_PROBLEM REQUIREMENTS_
Nothing should appear in the answer except the line containing "В России создали" and the lines following it through the end of the listing, each given exactly.

(EXCERPTED RECORDS begins)

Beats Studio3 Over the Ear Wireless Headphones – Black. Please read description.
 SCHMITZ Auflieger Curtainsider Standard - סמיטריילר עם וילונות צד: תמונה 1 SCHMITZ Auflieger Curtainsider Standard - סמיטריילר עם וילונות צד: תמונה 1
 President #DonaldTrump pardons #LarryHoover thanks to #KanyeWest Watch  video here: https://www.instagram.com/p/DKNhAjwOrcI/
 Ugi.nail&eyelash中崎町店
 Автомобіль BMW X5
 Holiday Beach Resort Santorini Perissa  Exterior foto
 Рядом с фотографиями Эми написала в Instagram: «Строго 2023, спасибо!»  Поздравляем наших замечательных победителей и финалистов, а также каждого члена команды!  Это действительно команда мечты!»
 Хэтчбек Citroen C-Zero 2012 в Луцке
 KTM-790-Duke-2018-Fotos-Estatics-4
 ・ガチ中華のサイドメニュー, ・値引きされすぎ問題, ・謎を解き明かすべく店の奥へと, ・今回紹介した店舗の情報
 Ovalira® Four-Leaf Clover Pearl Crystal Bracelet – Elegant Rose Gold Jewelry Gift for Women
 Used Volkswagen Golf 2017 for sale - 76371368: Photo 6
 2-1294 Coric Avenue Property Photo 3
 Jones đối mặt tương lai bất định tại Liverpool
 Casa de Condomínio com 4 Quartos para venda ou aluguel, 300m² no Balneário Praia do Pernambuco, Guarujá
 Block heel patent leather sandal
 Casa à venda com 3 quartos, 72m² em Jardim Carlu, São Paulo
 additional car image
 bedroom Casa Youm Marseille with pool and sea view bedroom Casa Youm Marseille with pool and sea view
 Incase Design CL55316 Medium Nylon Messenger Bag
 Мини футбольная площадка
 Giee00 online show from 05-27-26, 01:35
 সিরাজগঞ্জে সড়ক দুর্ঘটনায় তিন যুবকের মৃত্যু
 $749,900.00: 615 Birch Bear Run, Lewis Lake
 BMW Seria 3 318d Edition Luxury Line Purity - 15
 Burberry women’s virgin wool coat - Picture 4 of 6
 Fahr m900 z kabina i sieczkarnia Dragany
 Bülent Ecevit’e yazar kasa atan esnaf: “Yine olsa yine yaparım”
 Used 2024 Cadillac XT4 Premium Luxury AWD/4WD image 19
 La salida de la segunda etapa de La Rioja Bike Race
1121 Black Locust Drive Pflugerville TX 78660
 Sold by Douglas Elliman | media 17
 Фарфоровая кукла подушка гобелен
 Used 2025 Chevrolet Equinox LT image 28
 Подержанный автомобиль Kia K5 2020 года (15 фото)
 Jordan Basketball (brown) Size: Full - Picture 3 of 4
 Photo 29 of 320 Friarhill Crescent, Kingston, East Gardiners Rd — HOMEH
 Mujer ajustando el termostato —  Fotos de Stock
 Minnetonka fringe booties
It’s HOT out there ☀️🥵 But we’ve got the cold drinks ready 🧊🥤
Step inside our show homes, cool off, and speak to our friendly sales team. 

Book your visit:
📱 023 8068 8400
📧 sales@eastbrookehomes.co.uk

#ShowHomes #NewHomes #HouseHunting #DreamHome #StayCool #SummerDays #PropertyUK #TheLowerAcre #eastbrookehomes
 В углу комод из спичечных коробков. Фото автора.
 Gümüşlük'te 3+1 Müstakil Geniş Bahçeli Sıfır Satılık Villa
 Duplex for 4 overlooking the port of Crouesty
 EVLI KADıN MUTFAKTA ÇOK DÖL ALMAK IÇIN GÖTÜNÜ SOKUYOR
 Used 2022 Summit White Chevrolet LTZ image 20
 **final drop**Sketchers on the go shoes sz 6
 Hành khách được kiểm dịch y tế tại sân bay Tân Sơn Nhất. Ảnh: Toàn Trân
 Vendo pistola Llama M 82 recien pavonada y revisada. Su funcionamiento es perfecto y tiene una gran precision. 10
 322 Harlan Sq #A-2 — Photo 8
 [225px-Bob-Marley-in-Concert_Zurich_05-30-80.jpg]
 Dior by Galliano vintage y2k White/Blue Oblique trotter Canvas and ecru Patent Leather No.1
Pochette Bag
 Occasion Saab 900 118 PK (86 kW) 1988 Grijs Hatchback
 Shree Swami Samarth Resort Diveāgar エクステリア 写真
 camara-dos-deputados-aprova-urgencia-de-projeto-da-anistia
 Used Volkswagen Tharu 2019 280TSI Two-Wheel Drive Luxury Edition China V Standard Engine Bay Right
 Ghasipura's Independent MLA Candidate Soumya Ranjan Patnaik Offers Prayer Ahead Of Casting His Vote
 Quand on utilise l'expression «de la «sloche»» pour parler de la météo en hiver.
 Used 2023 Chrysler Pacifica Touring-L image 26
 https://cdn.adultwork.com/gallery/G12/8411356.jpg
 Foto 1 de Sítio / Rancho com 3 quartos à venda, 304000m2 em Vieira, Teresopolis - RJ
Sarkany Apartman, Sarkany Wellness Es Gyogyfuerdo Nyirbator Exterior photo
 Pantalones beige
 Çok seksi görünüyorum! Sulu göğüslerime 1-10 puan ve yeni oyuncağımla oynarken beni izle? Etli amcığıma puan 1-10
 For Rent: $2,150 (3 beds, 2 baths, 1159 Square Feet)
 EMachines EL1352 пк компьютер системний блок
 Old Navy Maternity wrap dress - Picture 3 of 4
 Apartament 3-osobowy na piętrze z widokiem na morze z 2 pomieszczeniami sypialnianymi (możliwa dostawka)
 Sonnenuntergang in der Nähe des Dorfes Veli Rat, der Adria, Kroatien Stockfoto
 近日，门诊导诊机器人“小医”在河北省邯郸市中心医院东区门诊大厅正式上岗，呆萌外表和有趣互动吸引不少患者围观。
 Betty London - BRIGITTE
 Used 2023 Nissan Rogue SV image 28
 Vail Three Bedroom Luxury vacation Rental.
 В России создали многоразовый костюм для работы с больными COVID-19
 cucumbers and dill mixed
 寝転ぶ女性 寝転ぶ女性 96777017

(EXCERPTED RECORDS ends)

_THE COMPLETED TASK_
 В России создали многоразовый костюм для работы с больными COVID-19
 cucumbers and dill mixed
 寝転ぶ女性 寝転ぶ女性 96777017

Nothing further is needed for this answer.